Das Energiemanagement berechnet automatisch die reservierte Leistung und die normale Betriebsleistung neu, wenn Netzteile online oder offline gehen. Wenn Sie beispielsweise eine N+N -Konfiguration mit drei 2000-W-Online-Netzteilen haben, weist die Energieverwaltung 2000 W der reservierten Leistung zu. Wenn Sie ein viertes 2000-W-Netzteil online schalten, weist die Energieverwaltung 4000 W der reservierten Leistung zu. Wenn ein Netzteil wieder offline geht, weist die Energieverwaltung wieder 2000 W der reservierten Leistung zu.

Wenn die Stromversorgung nicht ausreicht, um den budgetierten Strombedarf zu decken, gibt die Energieverwaltung folgende Alarme aus:

  • Ein kleiner (gelber) Alarm wird ausgelöst, wenn nicht genügend Strom vorhanden ist, um die konfigurierten N+1 oder N+N Leistungsreserven aufrechtzuerhalten, aber alle Linecards weiterhin ihre Basis- und PoE-Leistungszuweisungen erhalten. Wenn dieser Zustand 5 Minuten lang anhält, wird der Alarm zu einem großen (roten) Alarm. Auch wenn der Betrieb des Switches in diesem Zustand nicht beeinträchtigt wird, sollten Sie ihn so schnell wie möglich beheben, da ein Ausfall der Stromversorgung zu einer Unterbrechung des Switch-Betriebs führen kann.

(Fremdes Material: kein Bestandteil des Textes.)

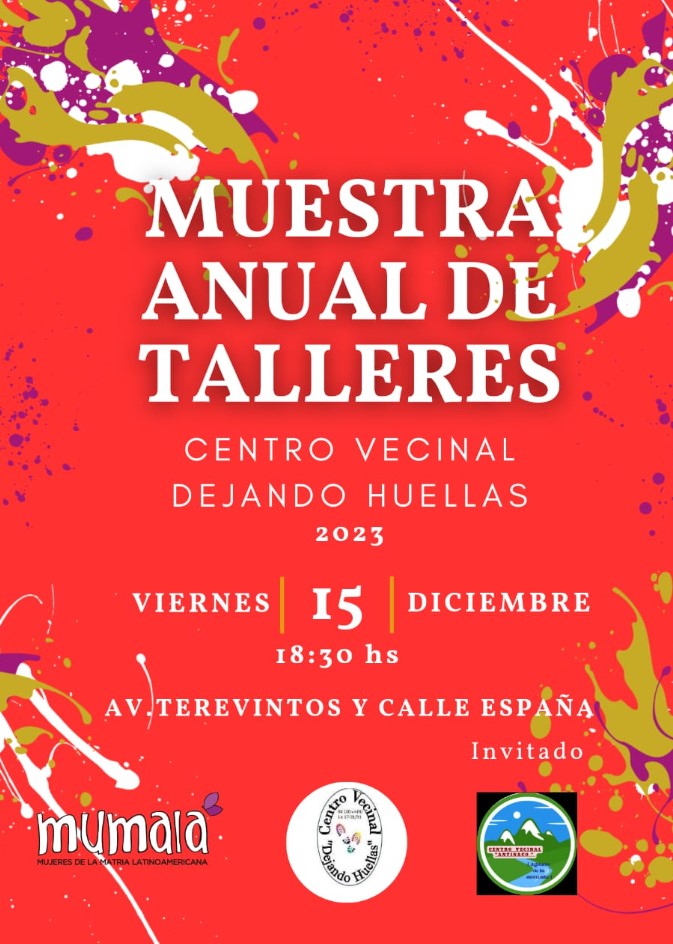 muestra-anual-del-centro-vecinal-dejando-huellas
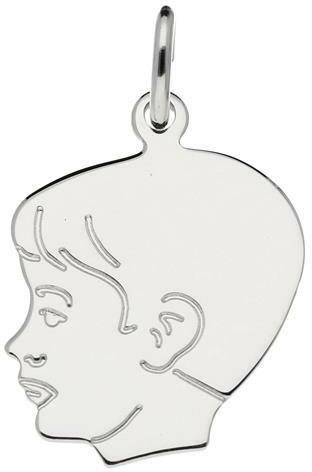 Silver Lining 141.0076.00 Dames Hanger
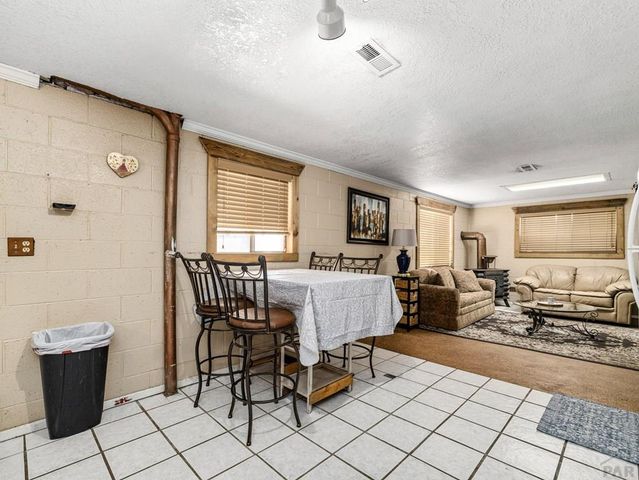 515 W Grant Ave, Pueblo, CO 81004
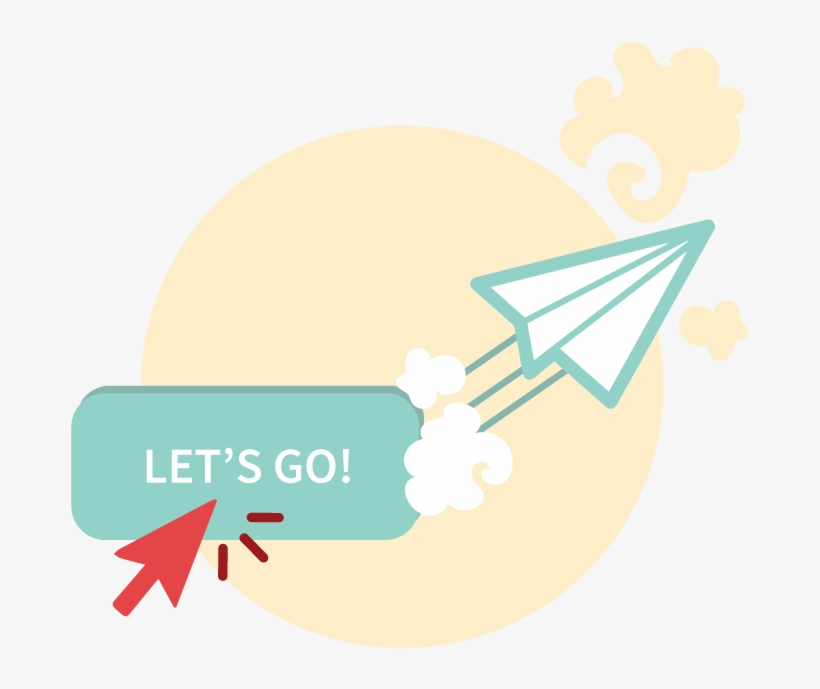 Subscribe - Illustration, transparent png download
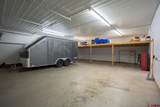 14901 County Road 31.9 - Photo 38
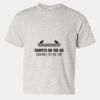 Heavy Cotton™ Youth T-Shirt Thumbnail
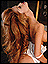 jp6.GIF (4203 bytes)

  • Ein großer (roter) Alarm wird ausgelöst, wenn nicht genügend Strom vorhanden ist, um alle Linecards mit ihren Basis- und PoE-Stromzuweisungen zu versorgen. Einer oder mehrere PoE-Ports sind möglicherweise ausgefallen oder eine oder mehrere Linecards sind ausgefallen.

Die Energieverwaltung löscht alle Alarme, wenn genügend Strom zur Verfügung steht, um den normalen Betrieb und die reservierten Stromanforderungen zu erfüllen.